Hacker News new | ask | show | jobs
by ssanderson11235 2971 days ago
Speaker here. If you want to follow along with the slides from the talk, you can find them at https://speakerdeck.com/ssanderson/hosting-notebooks-for-100....

Also, happy to answer any questions that people might have.

4 comments

I'm working on building an educational environment with Jupyter, and I'm interested in the multiple hubs.

A few basic questions: Why multiple hubs? (was there some point of scale where you needed this) Did multiple hubs allow you to have better migrations? (where you drain one and move it over to the other)

Totally agree that state is the enemy of scale, so having a separate service backing your storage independent of what hub you're on seems like a big win.

Thanks for the great talk!

> Why multiple hubs?

A few reasons for this, most of which are related to points you mentioned:

1. Having multiple hubs makes it much easier to do zero-downtime deploys.

2. Having multiple hubs makes us more resilient to transient machine failures.

3. We were worried that having a single proxy for all our notebook traffic might become a system-wide bottleneck. Notebooks with a lot of images can get pretty large, and at the time we were rolling this out JupyterHub was pretty new. We weren't sure how well it was going to scale (the target audience for the JupyterHub team at the time was small labs and research teams), so it seemed safest to aim for horizontal scalability from the start. The JupyterHub team has since done a lot of awesome performance work to support the huge data science classes being taught at UC Berkeley, so it's possible that a single hub with the kubernetes spawner could handle our traffic today, but given points (1) and (2) plus the fact that we already have a working system, I don't have much incentive to find out :).

That's great, thanks! I was also curious if you hit scale issues on just one hub. I agree, it's best practice to not have all your eggs in one basket. I'd love to see an HA hub where this would be all taken care of for me, but hopefully by the time we go live we'll have this.
Are the cell sharing extensions mentioned in the slides open sourced? (Sorry if it says either way in the video, I didn't get chance to watch it in full yet). Lack of sharing / collaboration extensions for Jupyter Notebooks / Lab are still a weak point I think.
The sharing machinery isn't open source, mostly because it's pretty tightly coupled to our community forums, which is a custom rails application.

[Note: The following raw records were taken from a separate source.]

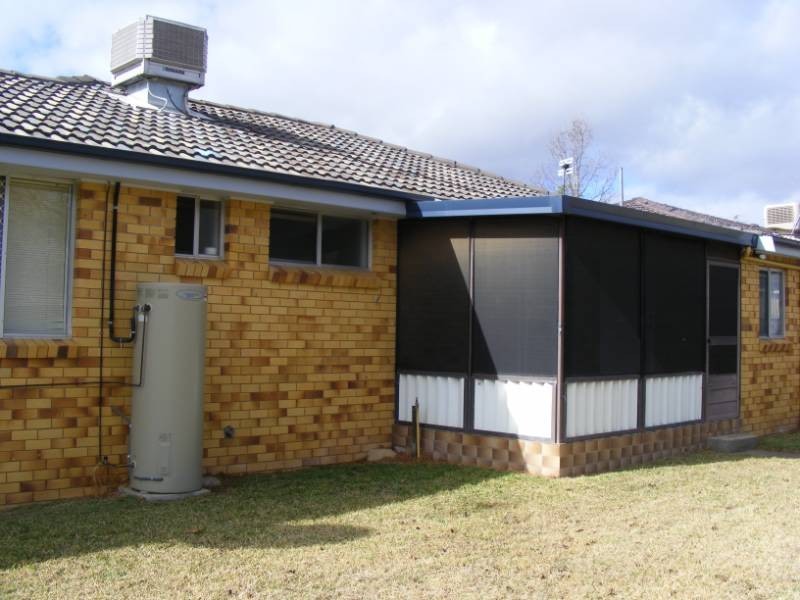 29 Waree Drive, Tamworth NSW 2340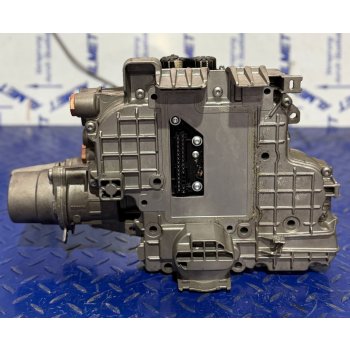 Selector Viteze Mercedes Actros MP4, Arocs, Atego Euro 6 A9602603863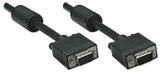 Cable de Extensión SVGA Image 2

I know that the jupyterhub team was working on https://github.com/jupyterhub/hubshare for a while as an open source sharing solution. I've also commented in https://github.com/jupyterhub/hubshare/issues/14 and elsewhere that I think PGContents (one of the libraries I talk about in the video) could be used as a basis for many kinds of sharing (though probably not realtime collaboration).

Do you know if there's any way that we can see what's happening during the mini demo?
I gave an earlier version of this talk at JupyterCon 2017 https://www.youtube.com/watch?v=TtsbspKHJGo, which captured my full screen output. The pgcontents demo starts around 19:30 in that video.
Hey Scott, how did you get your unlisted YouTube link for your presentation? I don't think I ever found mine from the same conference.
I found it in the YouTube playlist from the event: https://www.youtube.com/playlist?list=PL055Epbe6d5aP6Ru42r7h....
Weird. Mine isn't there, or I am blind. shrugs Though I did find it by searching the O'Reilly user :)
Come on. Quantopian doesn't have 100k users... maybe 5k?

EDIT: Here we go again... downvoted, then probably flagged and reprimanded by mod dang or something. Sigh.

I actually spent hundreds of hours on Quantopian, and from the activity in the forums you wouldn't think it has 100k users. Either that, or it's the most muted community on the internet.